WHAT YOU ARE ASKED TO DO >> What you give must be the lines from the one containing "Foto: LEIF NORBERG/ALN" through the last line of the listing below, exactly, with nothing else and no pictures.

BEGIN MATERIAL SUPPLIED

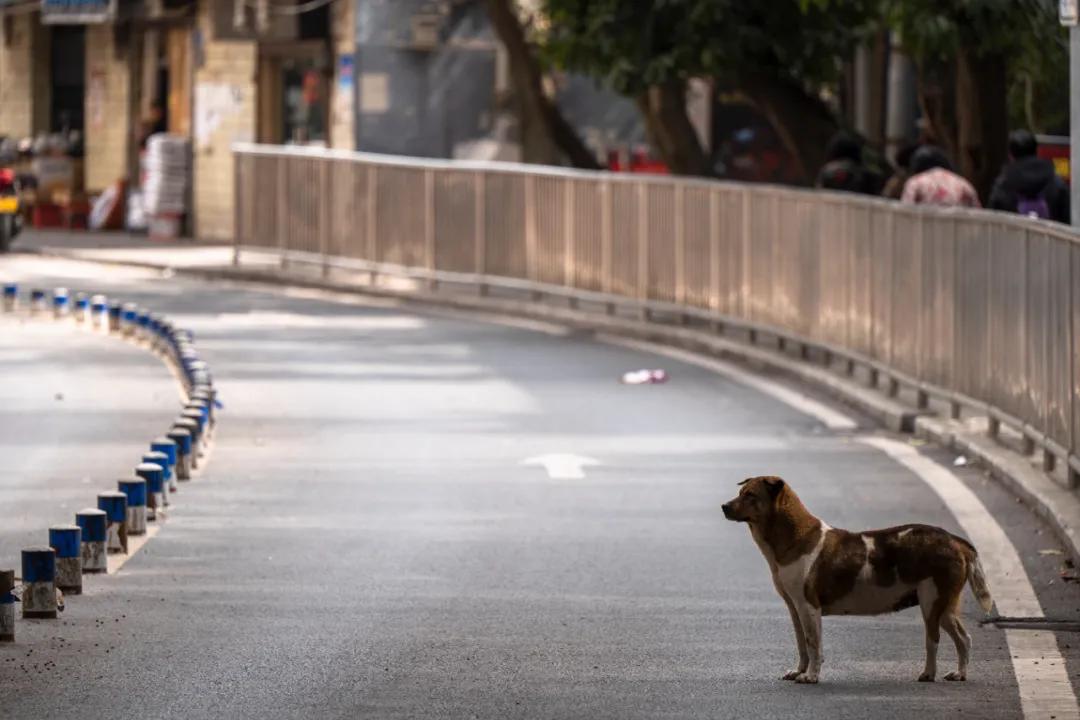松下有哪些全幅变焦镜头,松下70-200f2.8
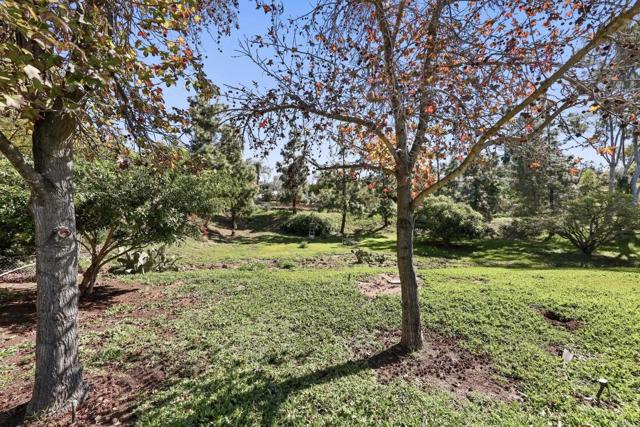 Detail Gallery Image 38 of 40 For 4873 Sunrise Valley Dr., El Cajon,  CA 92020 - 4 Beds | 2 Baths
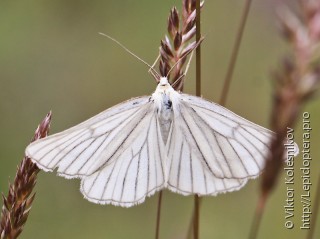 Siona lineata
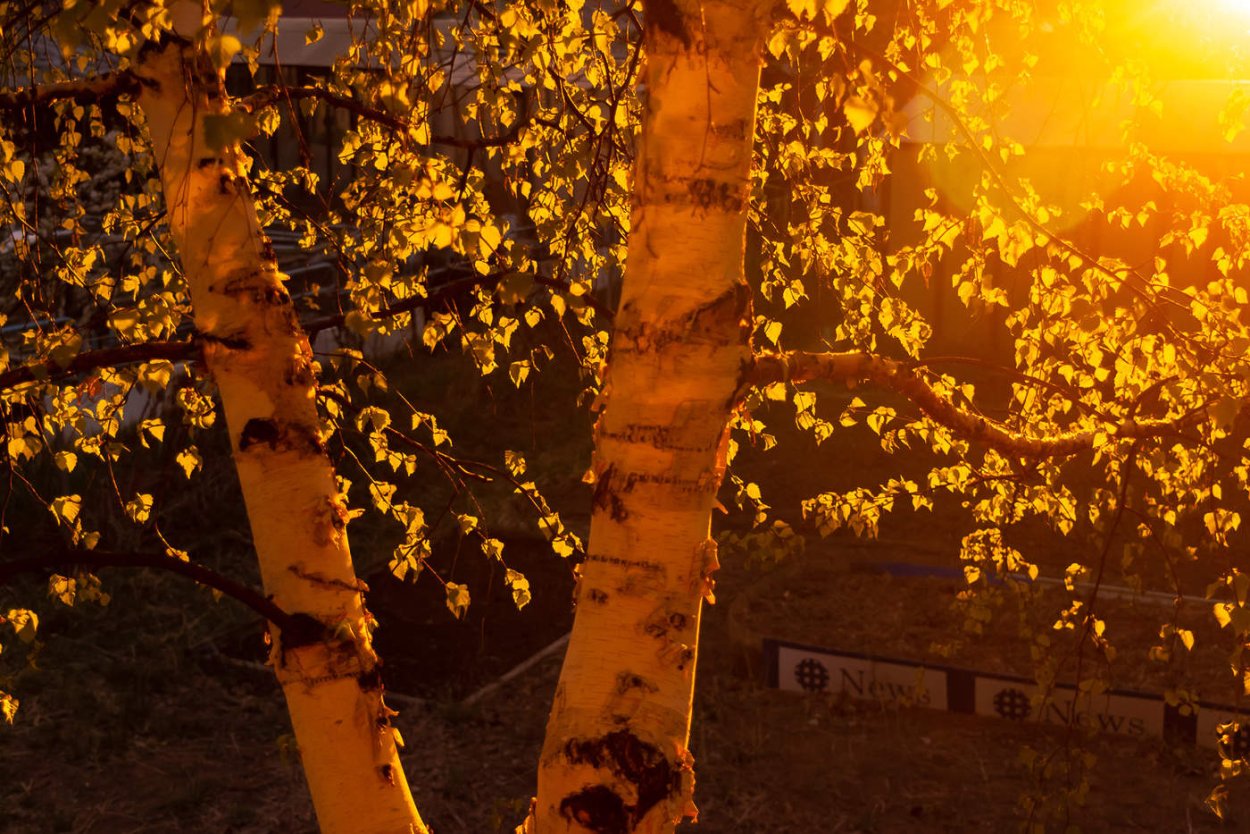 Закат солнца природа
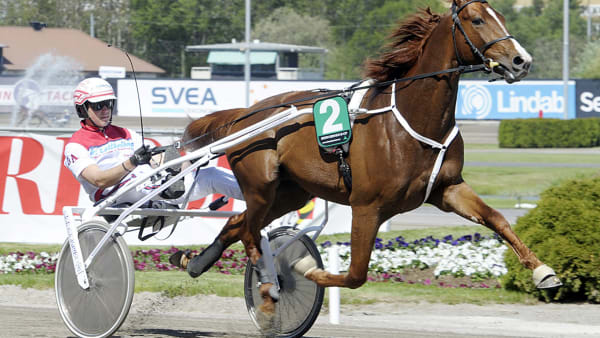 Foto: LEIF NORBERG/ALN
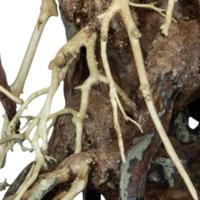Bonsai root medium Aquadistri - Aquadistri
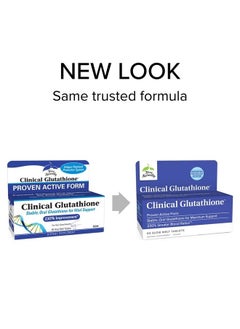 Terry Naturally Clinical Glutathione - 60 Slow Melt Tablets, Pack of 2 - Stable 300 mg L-Glutathione Supplement - Non-GMO, Vegan, Gluten Free - 60 Total Servings  - Image 3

END MATERIAL SUPPLIED

ANSWER TO THIS TASK >>
 Foto: LEIF NORBERG/ALN
Bonsai root medium Aquadistri - Aquadistri
 Terry Naturally Clinical Glutathione - 60 Slow Melt Tablets, Pack of 2 - Stable 300 mg L-Glutathione Supplement - Non-GMO, Vegan, Gluten Free - 60 Total Servings  - Image 3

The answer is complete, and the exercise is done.